Thursday, June 03, 2004
Food: * *
Ambience: * *
Babe Count: N/A
Troy Bentley and I are eating leftover Nik Naks from last night's movie party. I'm moping. Tonight's a very very very sore night for me. It's the one-year anniversary of my relationship with Jacqui, if we'd stuck it out.
She sent me an email earlier telling me that even though it's over between us, she wants me to know that she'll be celebrating one year of loving me, and that she still does. Oh man. This is so sore.
I sent her an sms back saying that I'm very angry with her. I'm angry with her for cheating me out of being with the love of my life, herself. I tell her in the sms that she cheated us out of a relationship because she lacked the courage to tell me the things that she needed to tell me, that her not telling me those things made it impossible for me to know that things needed to change.
She sent me one back saying:
"I think I feel some of that same anger towards myself too. I robbed myself too."

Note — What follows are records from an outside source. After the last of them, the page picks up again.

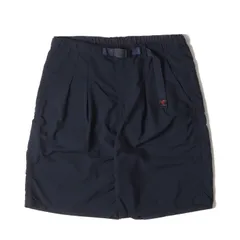 2025年最新】Walker easy shortsの人気アイテム - メルカリ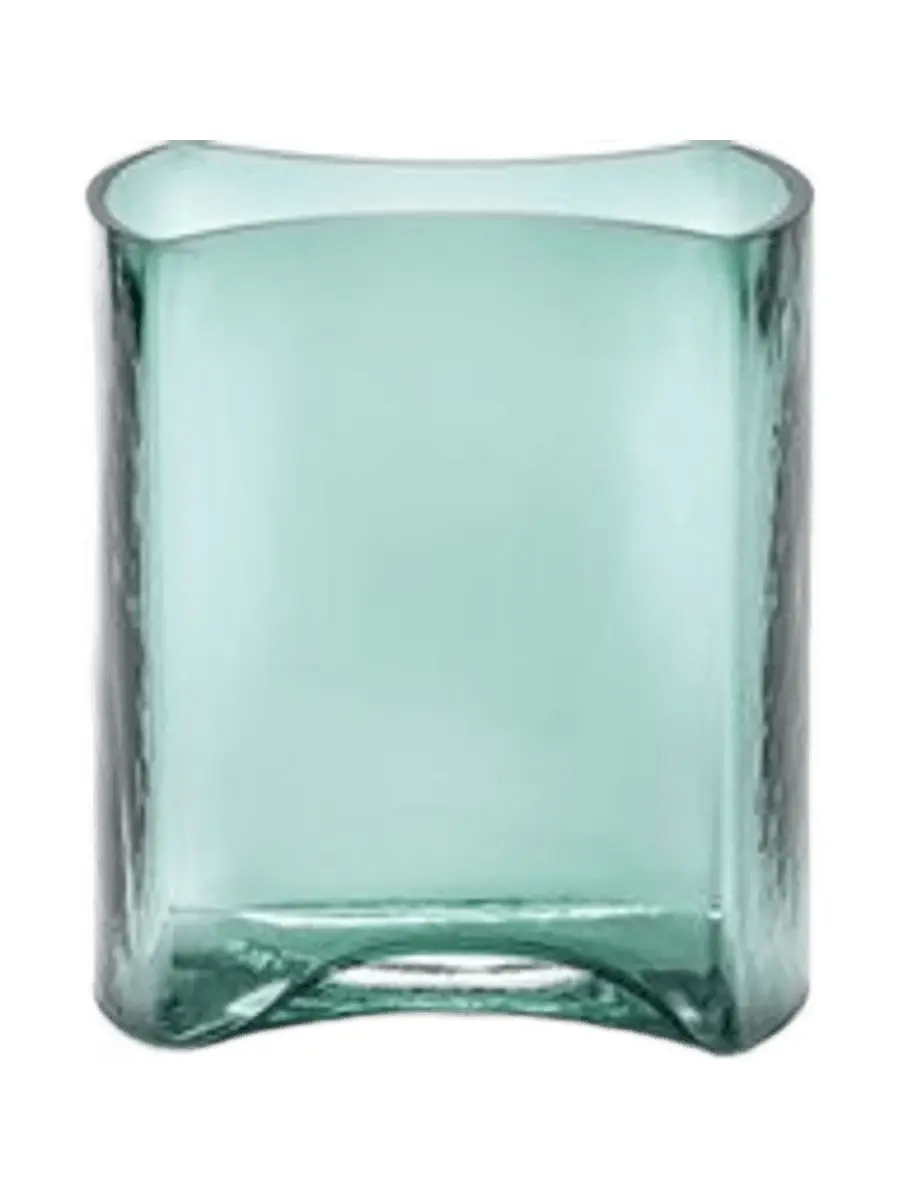 Parole Vase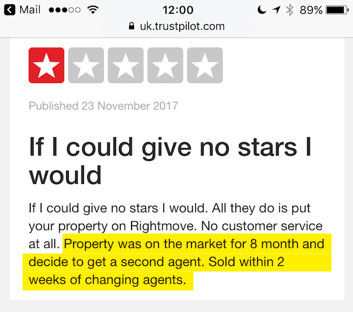 another Purplebricks review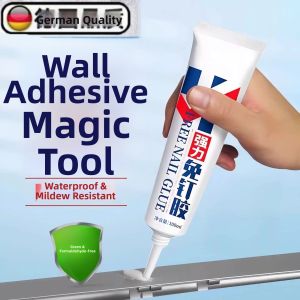 LIKE | High Adhesion Waterproof Adhesive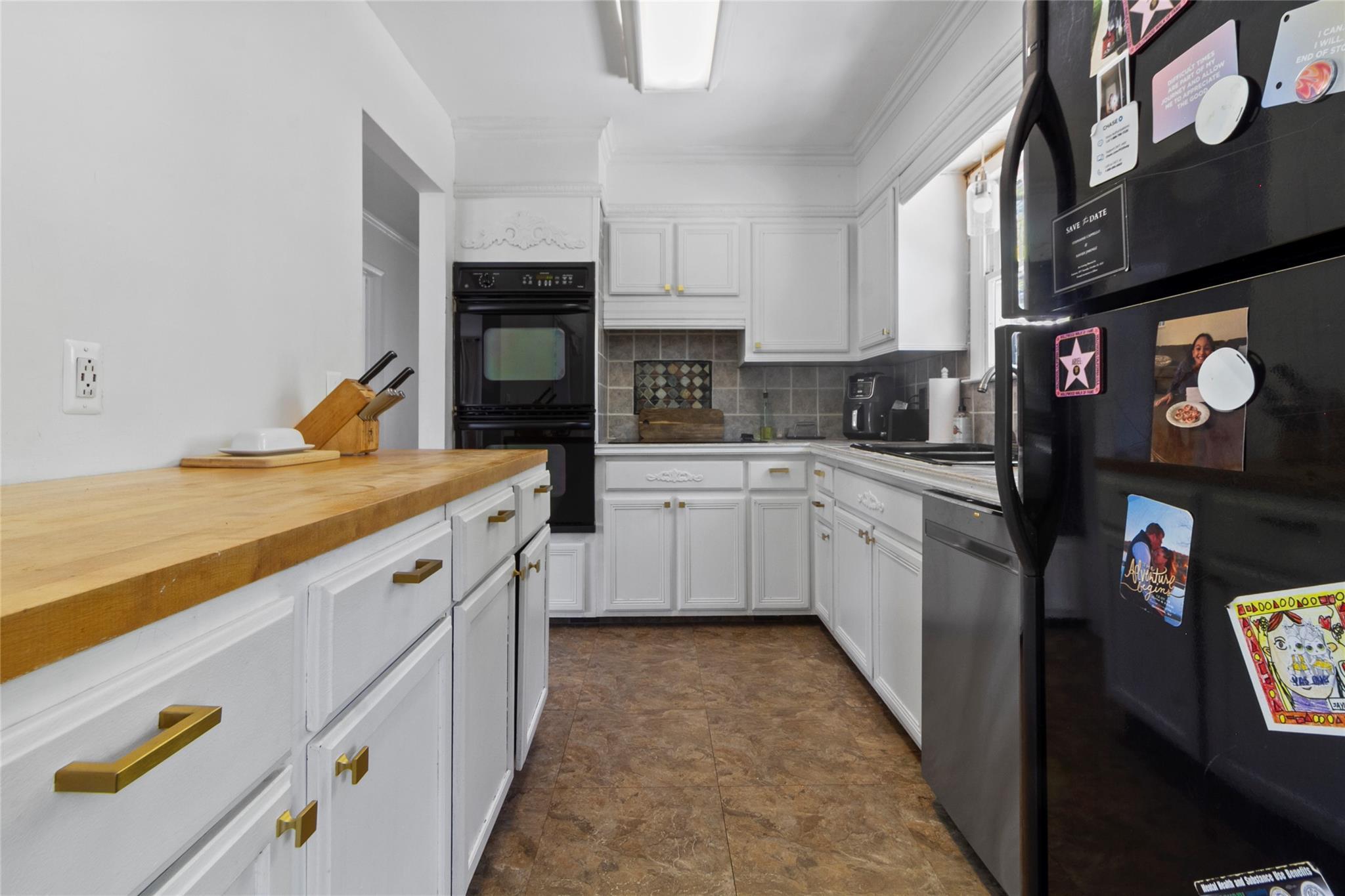 Single Family Cayuga  Dutchess County, NY 12590, MLS-853094-9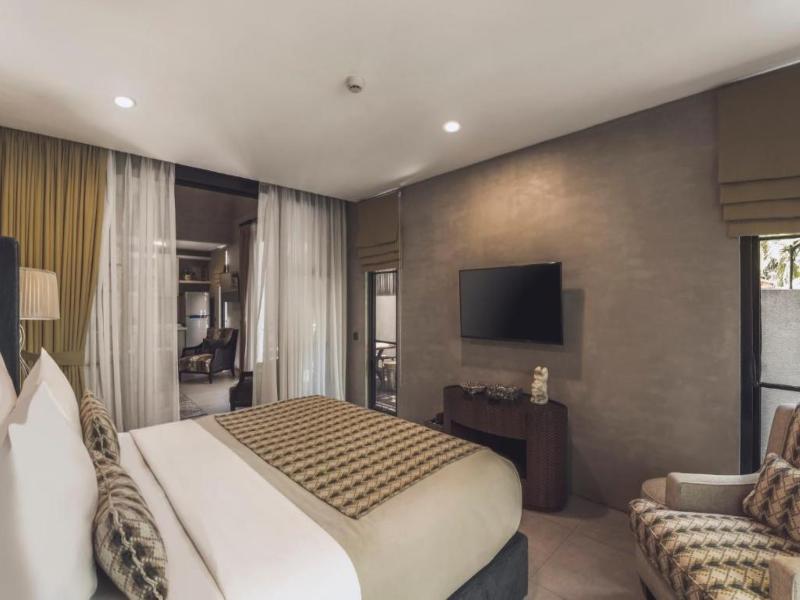Amarea Resort Ubud by Ini Vie Hospitality image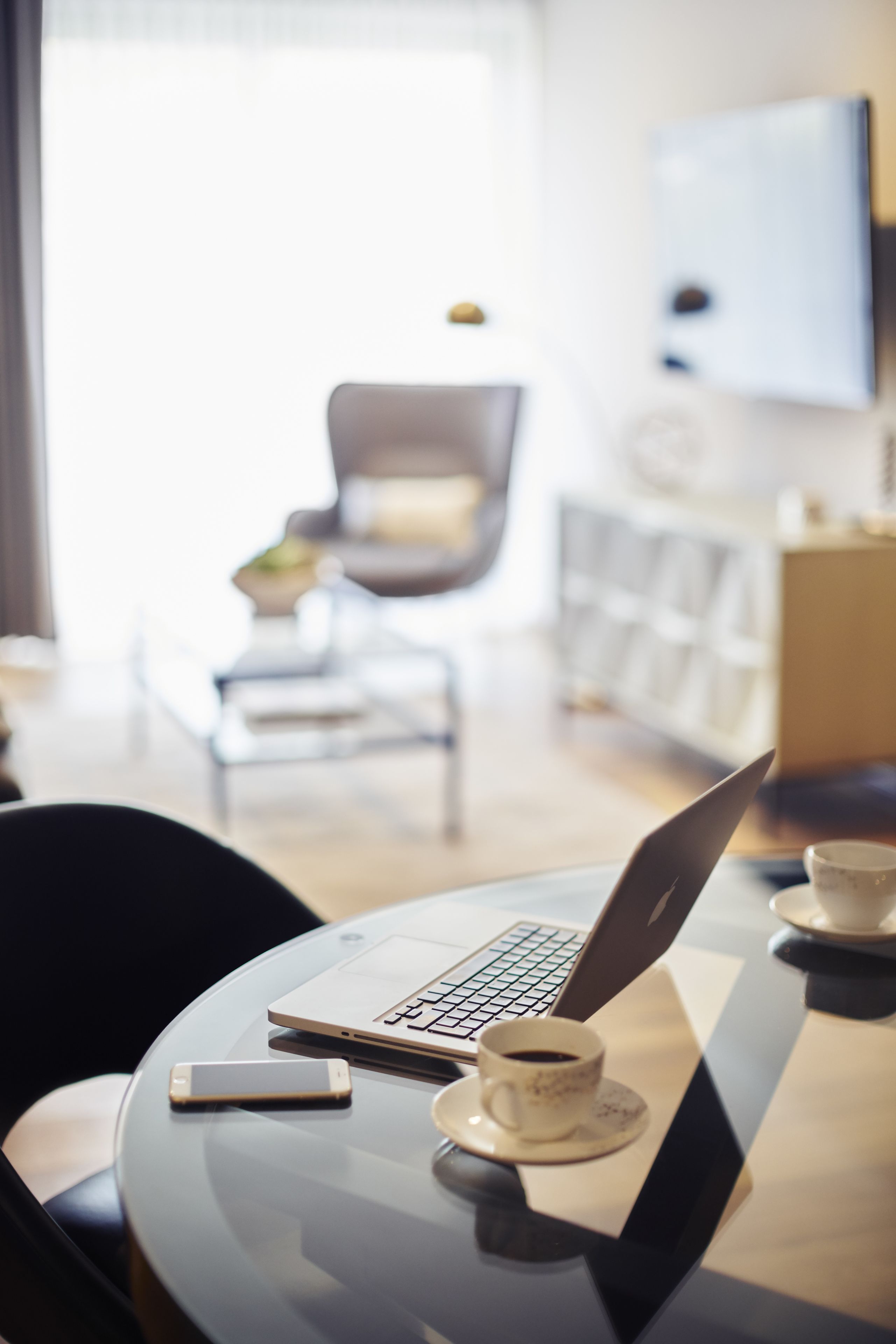 Foto - Felix by Viadora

I sent her a reply saying that it's not too late, that even though her email blew my mind, and has succeeded in turning me away from pursuing her, we may still be able to try and make it work one day.
She didn't reply.
So Troy's here to offer support, and sorta keep me on an even keel. Thanks Troy.
I was supposed to be at my portrait circle tonight, but I just couldn't face it. Lionel Abrahams's death has me rattled. Jacqui's sms hurts like hell. And it's full moon on top of it all, and I respond very strongly to both new and full moon. It amplifies whatever mood I'm in.
Right now I'm down down down, even though I show a brave face at work and with my friends. Therapy this morning was hard, sore work. One of the primary things I'm feeling right now is that I'm profoundly alone. It's one of those judgements I seem to hold against myself from years gone by... that I'm somehow cut off from humanity. Witness my inability to deal with my mom or brother. Witness my not going to Lionel's funeral. Or my dad's, for that matter. A load of stuff I can dredge out to support my argument. Not that I'm going to. Cos I know it's actually just indulging the downness.
Ah well. I've got my next date with Bianca to look forward to, I suppose. And also the possibility of getting up on stage as a standup comic and using this raw, hard, sore material to make people laugh.